Repeat the layering process—cake, butterscotch sauce—until all layers are stacked. Position the final layer upside-down for a flat, smooth top.
Using an offset spatula, apply a thin layer of frosting all over the cake to trap any crumbs. This is your crumb coat. Chill the cake in the refrigerator for 30 minutes or in the freezer for 15 minutes until the layer is firm to the touch.
Finish by applying the remaining frosting in an even, smooth layer around the cake. Decorate as desired, using swirls, drips, or extra butterscotch sauce if preferred.
Serve immediately or store the finished cake in the refrigerator for up to 2 days. Allow it to come to room temperature for about an hour before slicing and serving.

Butterscotch Cake Recipe
Ingredients
For the cake:
- 2 sticks 227 grams unsalted butter, softened to room temperature
- 1 cup 227 grams sour cream or plain yogurt, at room temperature
- 1 1/2 cups 300 grams packed light brown sugar
- 1/2 cup 100 grams granulated sugar
- 3 large eggs at room temperature
- 2 teaspoons vanilla extract
- 2 1/2 cups 318 grams all-purpose flour
- 2 1/2 teaspoons baking powder
- 1/2 teaspoon fine salt
- 1/2 teaspoon ground cinnamon
For the frosting:
- 2 sticks 227 grams unsalted butter, softened
- 2 cups 250 grams powdered sugar, sifted
- 1/4 teaspoon fine sea salt adjust based on butterscotch’s saltiness
- 2 teaspoons vanilla extract
- 1 1/3 cups homemade or store-bought butterscotch sauce divided
Instructions
Make the cake layers:
- Start by preheating your oven to 350°F. Grease and flour two 8-inch round cake pans, then line the bottoms with parchment paper circles to ensure easy release.
- In a medium bowl, whisk together the flour, baking powder, salt, and cinnamon until well combined.

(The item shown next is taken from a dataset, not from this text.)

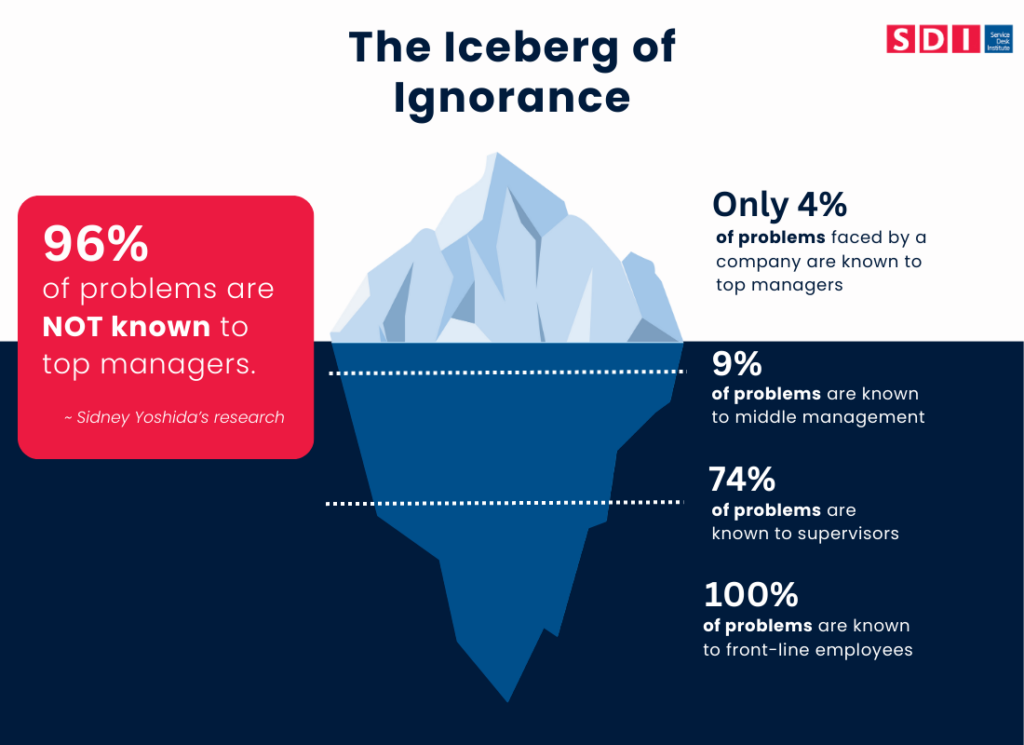 the iceberg of ignorance2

- In a large mixing bowl, beat the softened butter on high speed with an electric mixer until creamy and smooth, about 1 minute. Add both brown and granulated sugars and continue beating on high for 3 to 4 minutes, until the mixture is pale and fluffy. Add in the vanilla extract and eggs, then beat on medium-high until fully incorporated.
- Switch the mixer to low speed and add the dry ingredients in three parts, alternating with the sour cream. Start and finish with the flour mixture, mixing just until no streaks of flour remain. The batter will be thick and rich—do not overmix.

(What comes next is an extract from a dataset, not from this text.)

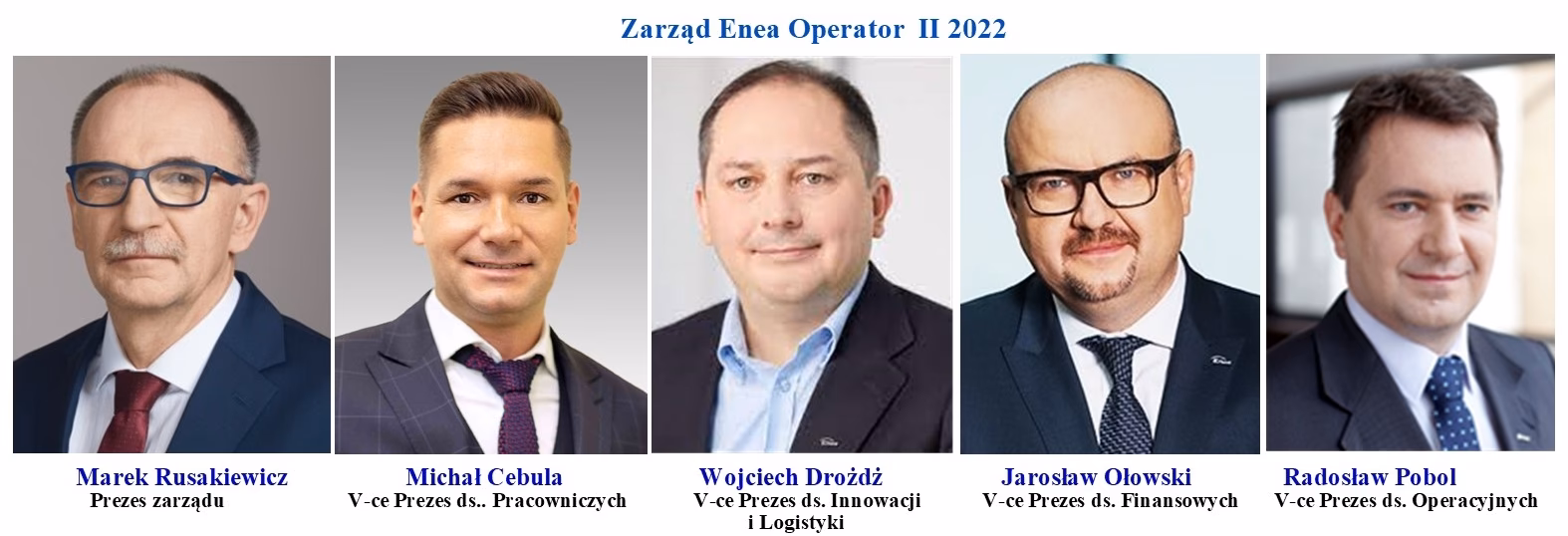 Czy trzeba rezerwować wizytę w Enei?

- Evenly divide the batter between the two prepared pans and smooth the tops. Bake for about 35 minutes, or until the cakes are golden brown and a toothpick inserted in the center comes out clean. Let the cakes cool in the pans for 20 minutes before turning them out onto wire racks to cool completely. For a smoother frosting experience, wrap and freeze the layers until firm.
Make the frosting:
- In the bowl of a stand mixer fitted with the paddle attachment, combine the sifted powdered sugar and softened butter. Mix on low to incorporate, then increase to medium speed and beat for 2 more minutes until fluffy. Add the salt, vanilla extract, and 1/3 cup of the butterscotch sauce. Beat for another 2 minutes until the frosting is smooth and evenly blended.
Assemble the cake:
- Use a serrated knife or cake leveler to slice each cooled cake horizontally in half, giving you four thin layers. Place one layer on a cake stand or turntable. Spread about 1/3 cup of butterscotch sauce across the surface, stopping about 1/2 inch from the edges.

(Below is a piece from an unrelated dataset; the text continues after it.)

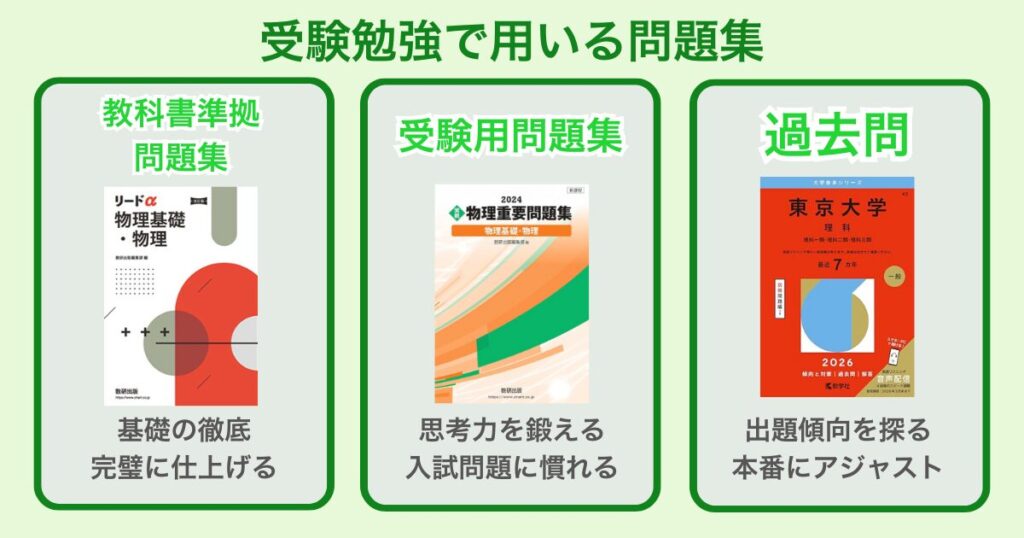 受験で用いる参考書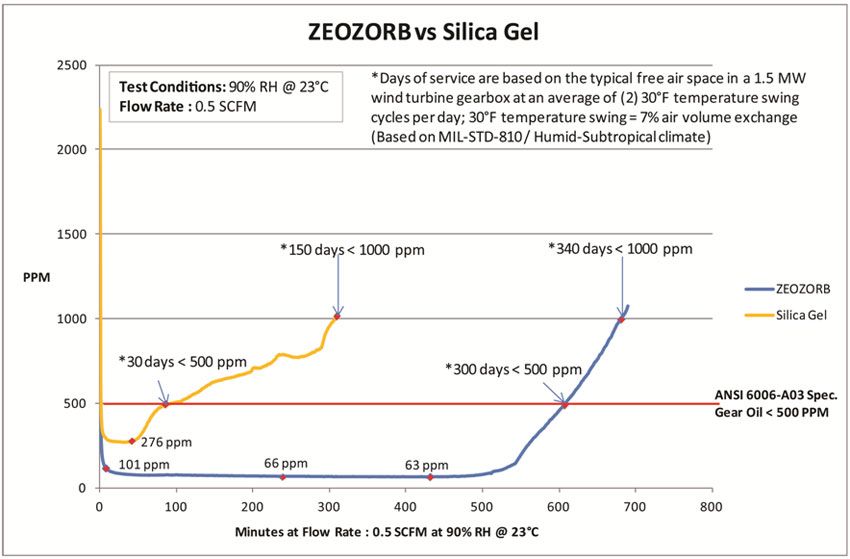 Zeozorb vs silica Gel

- Repeat the layering process—cake, butterscotch sauce—until all layers are stacked. Position the final layer upside-down for a flat, smooth top.
- Using an offset spatula, apply a thin layer of frosting all over the cake to trap any crumbs. This is your crumb coat. Chill the cake in the refrigerator for 30 minutes or in the freezer for 15 minutes until the layer is firm to the touch.
- Finish by applying the remaining frosting in an even, smooth layer around the cake. Decorate as desired, using swirls, drips, or extra butterscotch sauce if preferred.
- Serve immediately or store the finished cake in the refrigerator for up to 2 days. Allow it to come to room temperature for about an hour before slicing and serving.